# Comprehensive EDA with Nice Graphs
<a id="start"></a>
Welcome to this comprehensive exploratory data analysis (EDA) and visualization of the Titanic dataset. My goal is to uncover insights into the factors that contributed to the survival of certain passengers aboard the ill-fated RMS Titanic. I'll leverage statistical techniques and nice visualizations to understand the underlying patterns within the data.

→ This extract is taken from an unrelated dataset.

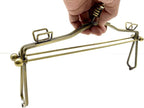 Large Sew-In Kiss-Lock Purse Frame with Handle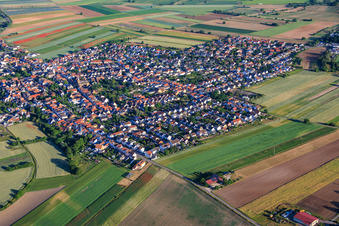 Mechtersheim von Südwesten in Römerberg im Bundesland Rheinland-Pfalz, Deutschland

![titanic.png](attachment:dc11ec2a-c941-4d84-b03a-392e1be6f2cf.png)

| Attribute | Details |
|-----------|---------|
| **Author** | **`Muhammad Bilal Khan`** |
| **Kaggle** | [![Kaggle Badge](https://img.shields.io/badge/Kaggle-035a7d?style=for-the-badge&logo=kaggle&logoColor=white)](https://www.kaggle.com/devbilalkhan) |
| **Twitter** | [![Twitter Badge](https://img.shields.io/badge/Twitter-%23000000.svg?style=for-the-badge&logo=Twitter&logoColor=white)](https://twitter.com/devbilalkhan) |
| **GitHub** | [![GitHub Badge](https://img.shields.io/badge/github-%23121011.svg?style=for-the-badge&logo=github&logoColor=white)](https://github.com/devbilalkhan) |
| **Email** | [![Outlook Badge](https://img.shields.io/badge/Microsoft_Outlook-0078D4?style=for-the-badge&logo=microsoft-outlook&logoColor=white)](mailto:bilal.khan@live.com) |

## Dataset Overview

The Titanic dataset is a classic and very famous dataset used for machine learning and data analysis. It contains information about the passengers, formatted into two sets: training and test data. The training set includes passenger information along with the survival outcome, which we'll use to train our machine learning models. The test set contains passenger information but without the survival outcome, and it's used to test the performance of our trained models.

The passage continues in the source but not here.